En tercer lugar, todo indica que un día no muy lejano será aislada la neurosis del enseñante como antaño se aisló la neurosis de guerra. Queremos llamar la atención sobre algunos síntomas que conocemos demasiado bien y a los cuales este calendario ni siquiera contribuye a aliviar: soledad atroz e impotencia frente a un alumnado cada vez más infantil como corresponde a los hijos de países ricos en avanzado estado de industrialización, los cuales, sin embargo no han hecho sus deberes en materia educativa y han preferido atajar por la vía del populismo.
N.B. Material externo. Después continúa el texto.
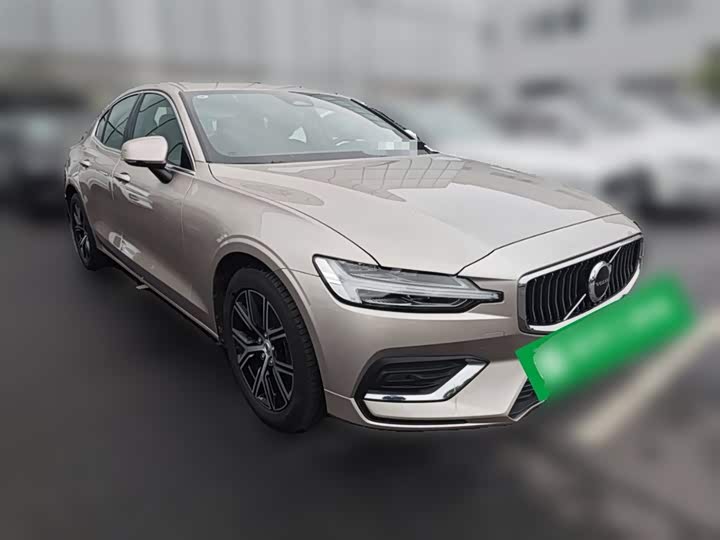 Volvo S60 2025 2025款 B4 智逸豪华版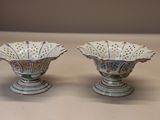 deux vases posés sur une table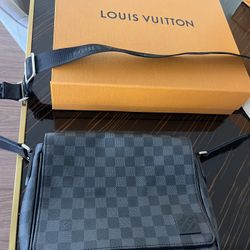 Louis Vuitton District PM Damier Graphite Canvas Men’s Bag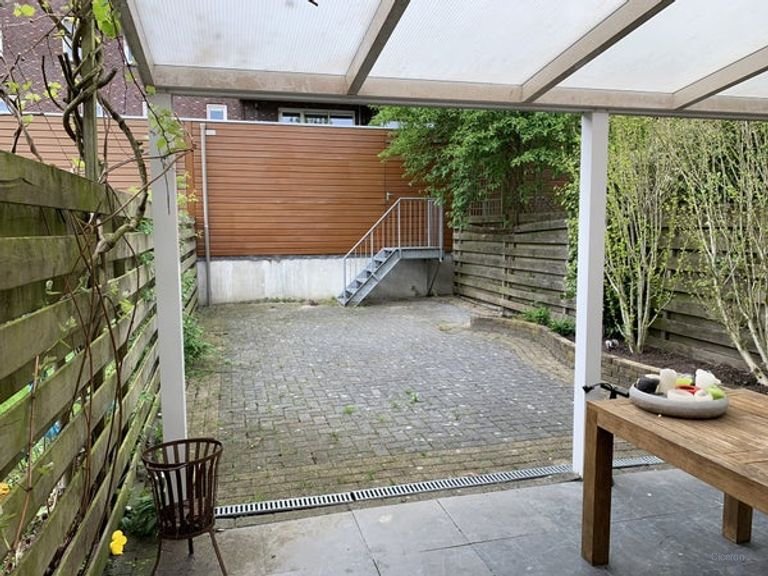 Large 44m² studio with private garden in Indische Buurt - Image 6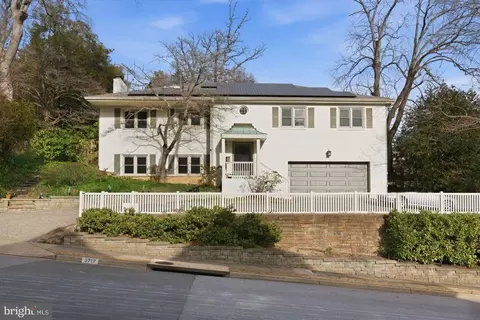 3717 N Nelson St, Arlington, VA 22207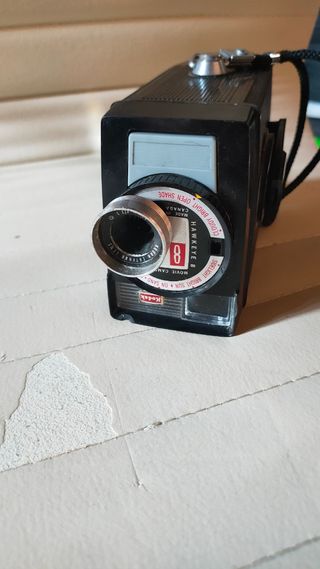 vecchia cinepresa a manovella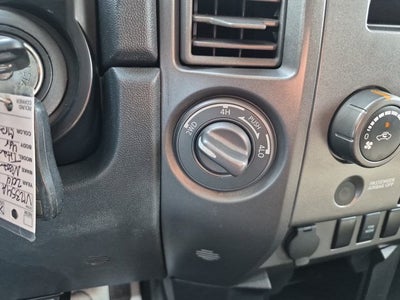 2014 Nissan Titan Base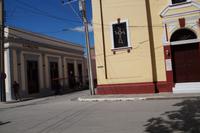 Bar de la Esquina (Bar an der Ecke) und Täuferkirche, Bayamo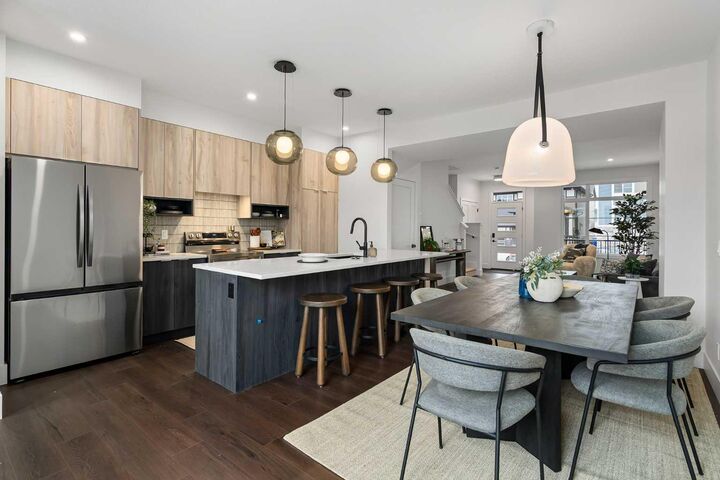 Property Photo: 21 Silverton Glen Bay SW AB T2X 6T6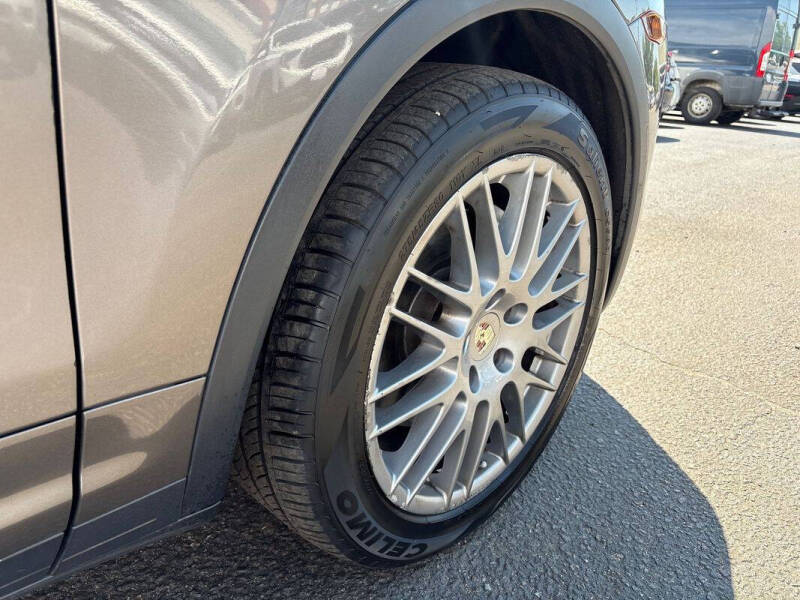 2013 Porsche Cayenne S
Desdoble de la personalidad transitorio pero frecuente en el caso que por obligación, es decir, sin complicidad alguna del ánimo, hemos de resistir en el aula explicando, mientras notamos que son pocos los que nos atienden y, lo más terrible, «nos escuchamos» como si de otro, mejor aún, de una máquina o un androide, se tratara. Nos cuesta creer que alguien pueda aceptar que el aumento de la obligatoriedad favorezca a los mal llamados objetores, mientras ocupan un lugar del aula esperando a que el viento arranque hojas del almanaque. Pensamos que es el fruto de una decisión política profundamente equivocada.
En cuarto lugar, hay que decir que no existen datos que avalen la bondad de un sistema que produce un modelo de enseñante que después de obtener la titulación y aprobada una oposición, no tiene nada más que hacer durante los próximos 30 ó 35 años de su vida que verter información durante diez meses del año, más uno de burocracia, sin más meta ni más estímulo que la repetición mañana de lo que fue ayer. Es imposible, en este punto de la cuestión, evitar la rutina en el ejercicio de la profesión y, menos aún, avanzar en las cacareadas atención a la diversidad y personalización. Lo que, en cambio, sí es posible es la apariencia de éstas en una red de burocracia paranoica: programaciones dirigidas a alumnos y situaciones que sólo conoceremos el día que pisemos el aula, atención a padres que no siempre están por la labor. ¿Quién y con qué respaldo ha podido apoyar la difusión y la elevación a rango de peligroso prejuicio de la distinción entre saber y saber enseñar?
Somos bien conscientes que una vuelta a la relativa moderación de los calendarios de ayer mismo, por sí sola, no arreglaría el gran problema en que la educación se ha convertido, si es que siempre no lo fue. Se trataría, en cualquier caso, de no echar más leña al fuego, de no aumentar más la cantidad de disparates que tienen como fondo la sistemática confusión de necesidades sociales con necesidades educativas.